Audrey Kim, Contributing Photographer

On Sept. 1, an exhibition called “Road Show: Travel Papers in American Literature” opened for viewing at the Beinecke Rare Book and Manuscript Library. The exhibition investigates how travel was marked and documented by figures across the American literary landscape, including Langston Hughes, Annie Dillard and Gertrude Stein, among others. 

Because it was originally planned for installation during the summer, when the Beinecke Library typically welcomes its largest numbers of tourists and off-campus visitors, the exhibition includes a diverse range of materials that can be enjoyed by both scholars and casual viewers alike. Students can view items such as photographs, sections of notebooks, telegrams and letters from writers and artists including Georgia O’Keeffe and Joe Brainard.

“There’s all different ways of thinking about travel,” said Nancy Kuhl, curator of poetry at the Yale Collection of American Literature, in a video covering the exhibition. “Certainly, we were thinking about tourism, and traveling for leisure, but the archives at the Yale Collection of American Literature also document writers in exile, writers who are refugees, many of whom then turn those experiences into works of literature.”

According to Kuhl, the project started as a conversation between fellow curators Timothy Young and Melissa Barton about the ways writers’ archives might document travel of different kinds, and what people today could learn from literary archives about the travels of entertainers, expatriates, journalists, migrants, translators and tourists, among other figures. 

The exhibition featured a series of vignettes, with each section devoted to a particular trip, medium, or work of literature. Each vignette is enclosed in separate display boxes at the Beinecke that visitors can walk through, including a section on Truman Capote’s 1959 trip to Holcomb, Kansas, inspiring his novel “In Cold Blood,” and the 1957 trip that writer and novelist James Baldwin took to Georgia and Alabama during the civil rights movement.

Exhibits production manager Kerri Sancomb oversaw the whole process of production and layout, making sure that “all parts are speaking and agreeing to one another,” along with exhibit technician Megan Czekaj.

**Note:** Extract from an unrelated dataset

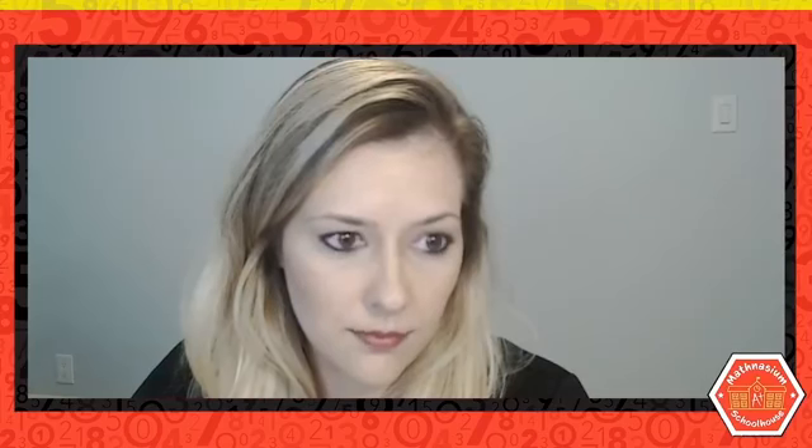Hello, everyone. Welcome back to Mathnasium Schoolhouse. My name is Sandra, and I will be your instructor for today as we explore our first of our two-day series on solving proportions.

“One thing that is interesting and unique to Nancy is that she likes to tell the whole story. For example, instead of just showing one side of a postcard, we’ll be showing both the front and back,” Sancomb said. “There are upwards of 400 objects in the exhibit, so having these vignettes allows for visitors to come to a new section and have a new experience each time.”

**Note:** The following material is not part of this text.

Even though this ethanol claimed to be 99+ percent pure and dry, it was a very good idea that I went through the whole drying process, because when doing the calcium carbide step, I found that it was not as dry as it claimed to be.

Timothy Young, curator of Modern Books and Manuscripts at the Beinecke, also organized a companion exhibition currently on view called “Imaginary Voyages,” which focuses on how writers have used the theme of travel to newly-discovered lands and planets to create  fantastic tales. The companion exhibition includes materials from Hans Christian Andersen’s fairy tales and Mark Twain’s last work published during his lifetime, “Extract from Captain Stormfield’s Visit to Heaven.”

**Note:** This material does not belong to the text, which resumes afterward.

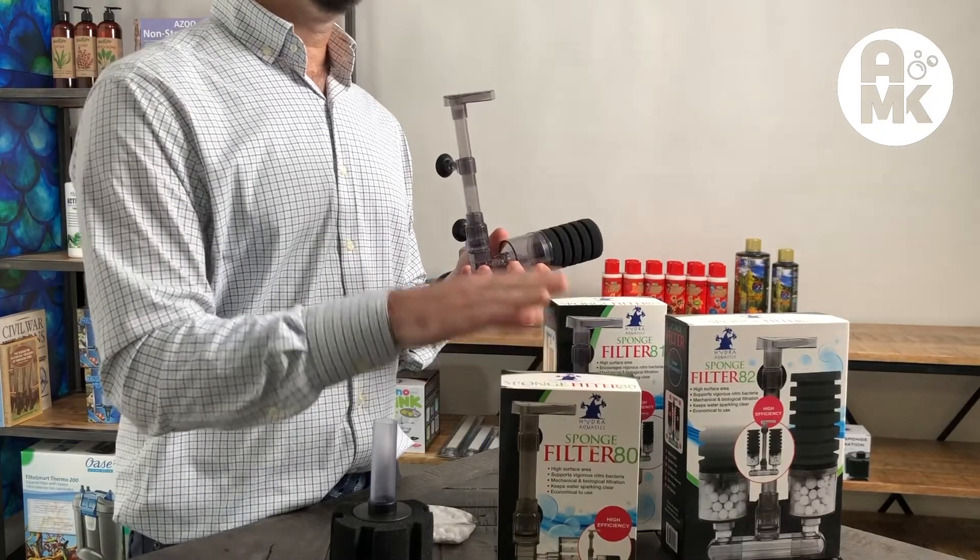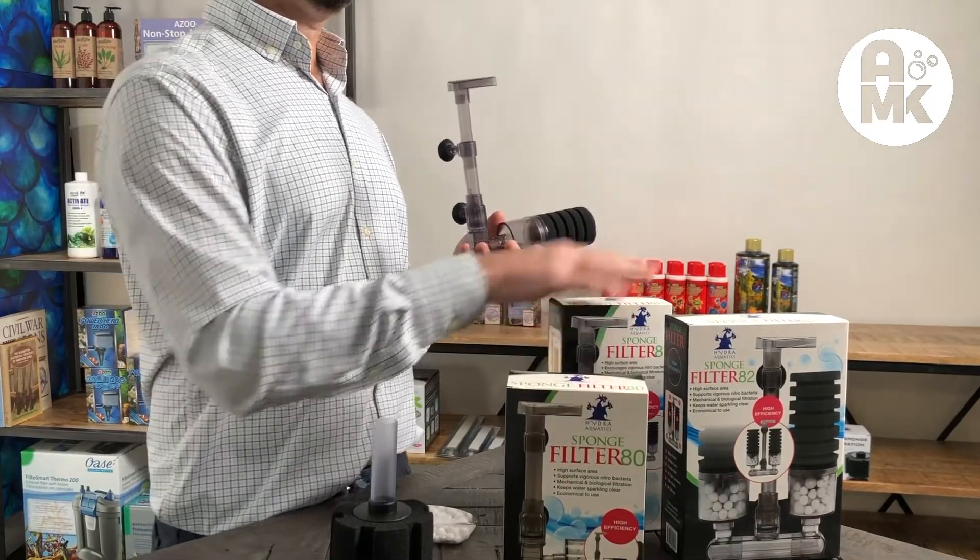There are three sizes of these available: 15 gallon, 20 gallon, and 30 gallon.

“Many of these novels and stories focus on encountering ‘the other,’ whether they are terrestrial neighbors whose existence was unknown to explorers or imagined alien races who serve as allegorical characters for discussions of difference and for commentary on politics and human behavior,” Young said. “Other works are pure fantasy, presaging the science fiction genre.”

In addition to co-curators Kuhl and Young, student curators Raffaella Donatich ’20, Isabelle Laurenzi GRD ’24 and Rachel Kaufman ’19 also assisted with the exhibition. 

“Road Show: Travel Papers in American Literature” will remain on view until Jan. 10, 2022.